LONDON (Reuters) – A fall in the number of European Union applicants for jobs in British factories has become less sharp but manufacturers remain worried about being able to find skilled workers from the bloc after Brexit, according to a report published on Monday.
EEF, a British manufacturers’ organisation, said 17 percent of companies taking part in a survey reported a drop in job applications from people elsewhere in the EU, down from 23 percent a year earlier.
Thirteen percent reported an increase in EU workers leaving their firms, down from 16 percent.
Britain’s decision to leave the EU in a referendum in 2016 has raised concerns among employers in various sectors and at the Bank of England that fewer workers from the bloc will come to the country, compounding a skills shortages.
Official data published last week showed that the number of EU workers in Britain fell for the first time since 2010 in the first three months of this year.

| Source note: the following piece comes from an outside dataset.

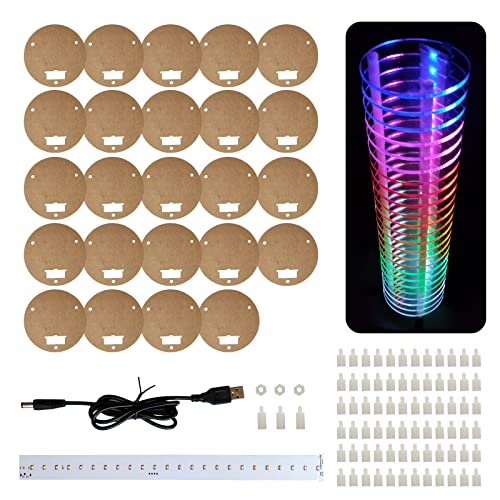 iCubeSmart LED Audio Light DIY Elektronische Kits (PP24LED ROUND), PP16-24 von iCubeSmart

“Skills shortages are endemic in manufacturing and engineering and companies are becoming increasingly concerned about their ability to access the skills they need post-Brexit,” Tim Thomas, employment policy director at EEF, said.
Nearly 70 percent of the companies surveyed said they wanted guidance on what Britain’s departure from the EU in March 2019, followed by a 21-month transition period, will mean for employers and their EU employees.
Manufacturers also said they plan to increase training for existing employees and use apprenticeships and graduate recruitment programmes in order to attract and retain staff.